• PROVIDED RECORDS:
* * * *

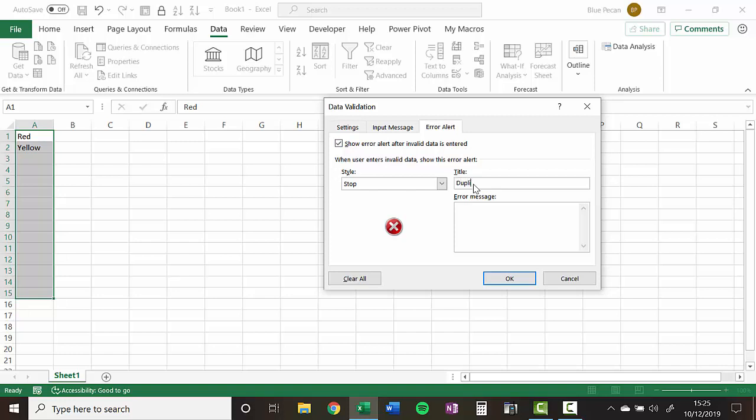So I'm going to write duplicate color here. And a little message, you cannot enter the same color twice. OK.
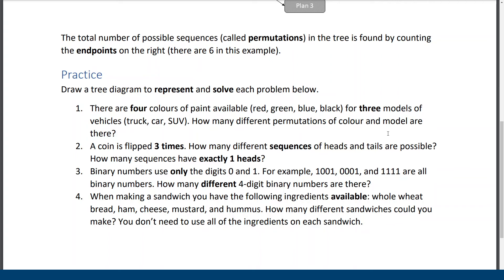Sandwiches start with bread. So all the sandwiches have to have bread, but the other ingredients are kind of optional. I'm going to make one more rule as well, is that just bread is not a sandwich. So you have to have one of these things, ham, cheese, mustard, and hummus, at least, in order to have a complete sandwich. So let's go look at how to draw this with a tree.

* * * *

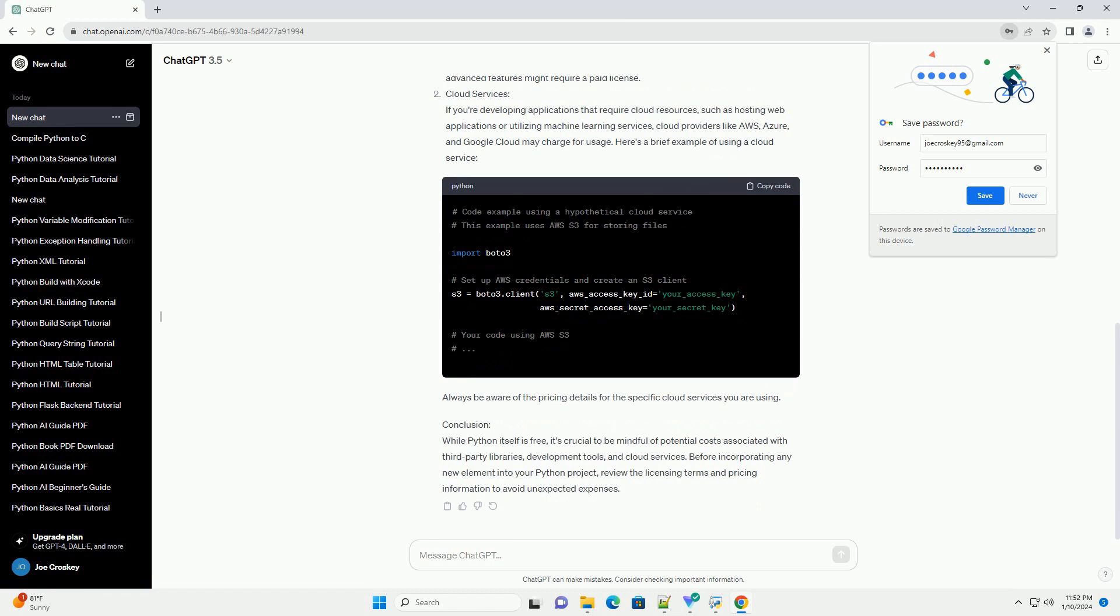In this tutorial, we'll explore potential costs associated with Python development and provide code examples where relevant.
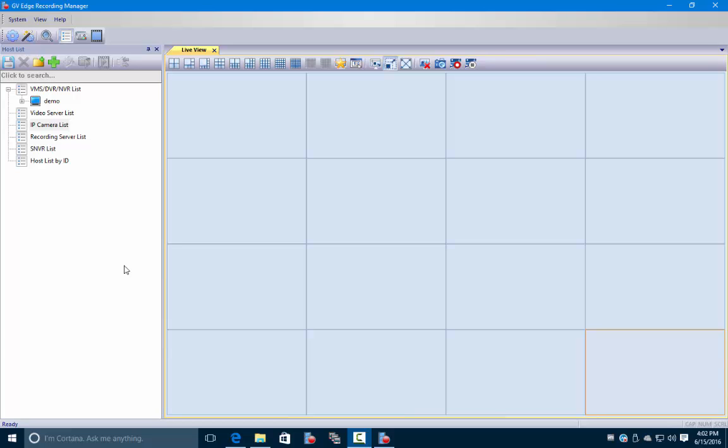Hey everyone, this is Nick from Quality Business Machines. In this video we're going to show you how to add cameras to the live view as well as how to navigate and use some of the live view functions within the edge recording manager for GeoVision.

* * * *

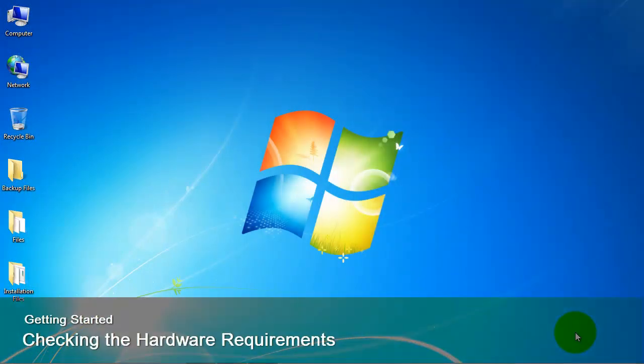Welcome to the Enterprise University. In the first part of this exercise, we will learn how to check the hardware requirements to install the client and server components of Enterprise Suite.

* * * *

• WORK TO BE COMPLETED:
Reproduce exactly the lines of the data above that run from the line with "So I'm going" down to the line with "Sandwiches start with", both ends included. Pictures do not belong in the copy.

• RESPONSE BELOW:
So I'm going to write duplicate color here. And a little message, you cannot enter the same color twice. OK.
Sandwiches start with bread. So all the sandwiches have to have bread, but the other ingredients are kind of optional. I'm going to make one more rule as well, is that just bread is not a sandwich. So you have to have one of these things, ham, cheese, mustard, and hummus, at least, in order to have a complete sandwich. So let's go look at how to draw this with a tree.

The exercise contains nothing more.